Canadian Senator from Manitoba
- In office 1966–1994
- Appointed by: Lester B. Pearson

Personal details
- Born: Douglas Donald Everett August 12, 1927 Vancouver, British Columbia, Canada
- Died: March 27, 2018 (aged 90) Winnipeg, Manitoba, Canada
- Party: Liberal
- Education: Osgoode Hall Law School (LLB)

= Douglas Everett =

Canadian politician

Douglas Donald Everett (August 12, 1927 – March 27, 2018) was a Canadian politician, lawyer, and automobile dealer.
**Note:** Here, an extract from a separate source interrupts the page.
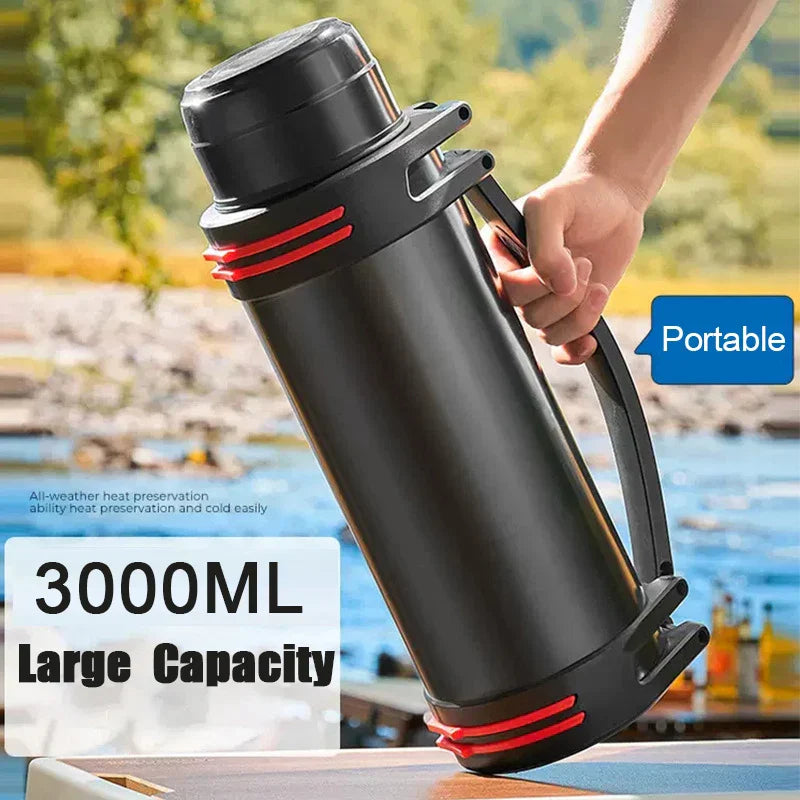 Superstarke Thermoskanne | Robust, isoliert und auslaufsicher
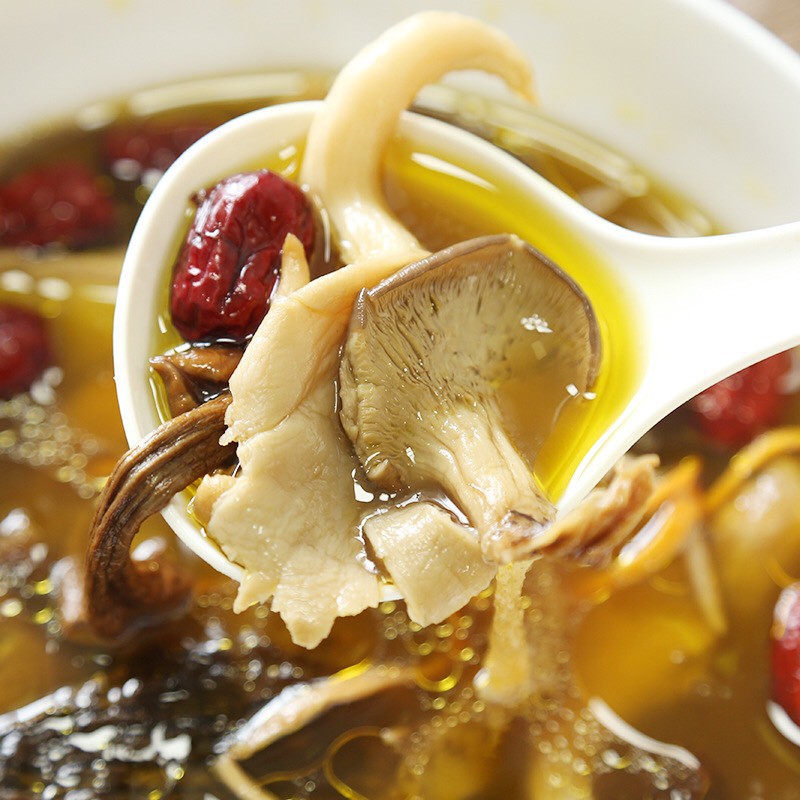 Soup nấm hoang dã 100g ( nấm bụng dê, nấm lưới, nấm thông....)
He served in the Senate of Canada from 1966 until 1994.

==Background==
Born in Vancouver, British Columbia, he attended the Royal Canadian Naval College in Royal Roads, British Columbia from 1943 to 1945 and served as a Sub-Lieutenant from 1943 to 1947. After his military service, he received a Bachelor of Laws degree from Osgoode Hall Law School in 1950 and from the University of Manitoba in 1951. He was called to Bar of Ontario in 1950 and the Bar of Manitoba in 1951.

In 1966, he was appointed to the Senate representing the senatorial division of Fort Rouge, Manitoba. In 1969, he promoted a bill addressing the production and conservation of oil and gas in Canada's north.

He sat as a Liberal until 1990 when he resigned from the Liberal Party over his support of the introduction of the GST. He then sat as an Independent Liberal. He resigned from the Senate in 1994. Everett died in March 2018 at the age of 90.